What is needed:
Would you write out, word for word, each line of the records below from the top through the one holding "Gorillas in Our Midst CD & DVD"?

Exercise input section start

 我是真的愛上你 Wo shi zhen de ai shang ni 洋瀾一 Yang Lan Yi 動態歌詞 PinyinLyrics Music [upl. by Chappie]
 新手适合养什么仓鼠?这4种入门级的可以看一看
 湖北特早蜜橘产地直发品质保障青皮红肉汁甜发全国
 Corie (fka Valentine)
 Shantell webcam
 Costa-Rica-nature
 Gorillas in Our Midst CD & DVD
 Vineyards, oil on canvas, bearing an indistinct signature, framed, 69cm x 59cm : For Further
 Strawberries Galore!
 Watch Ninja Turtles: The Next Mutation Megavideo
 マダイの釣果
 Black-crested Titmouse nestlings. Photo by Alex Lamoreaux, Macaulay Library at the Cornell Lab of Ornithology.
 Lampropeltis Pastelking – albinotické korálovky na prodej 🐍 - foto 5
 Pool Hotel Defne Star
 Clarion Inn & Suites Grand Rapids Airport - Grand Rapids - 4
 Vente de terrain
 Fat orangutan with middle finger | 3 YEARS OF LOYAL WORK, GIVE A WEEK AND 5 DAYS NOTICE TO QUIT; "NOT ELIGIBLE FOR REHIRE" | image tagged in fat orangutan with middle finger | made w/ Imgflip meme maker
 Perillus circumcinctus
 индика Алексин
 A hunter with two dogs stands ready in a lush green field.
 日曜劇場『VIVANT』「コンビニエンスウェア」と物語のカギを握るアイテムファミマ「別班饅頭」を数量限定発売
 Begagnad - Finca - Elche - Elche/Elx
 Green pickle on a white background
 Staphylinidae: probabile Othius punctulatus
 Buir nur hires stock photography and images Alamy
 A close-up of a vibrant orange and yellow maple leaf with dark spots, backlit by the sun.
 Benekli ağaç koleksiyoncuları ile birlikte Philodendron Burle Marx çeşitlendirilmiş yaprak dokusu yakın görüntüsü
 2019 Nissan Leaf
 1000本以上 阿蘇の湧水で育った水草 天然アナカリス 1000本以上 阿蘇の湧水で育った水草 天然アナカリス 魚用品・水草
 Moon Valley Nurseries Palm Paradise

Exercise input section end

Worked solution:
 我是真的愛上你 Wo shi zhen de ai shang ni 洋瀾一 Yang Lan Yi 動態歌詞 PinyinLyrics Music [upl. by Chappie]
 新手适合养什么仓鼠?这4种入门级的可以看一看
 湖北特早蜜橘产地直发品质保障青皮红肉汁甜发全国
 Corie (fka Valentine)
 Shantell webcam
 Costa-Rica-nature
 Gorillas in Our Midst CD & DVD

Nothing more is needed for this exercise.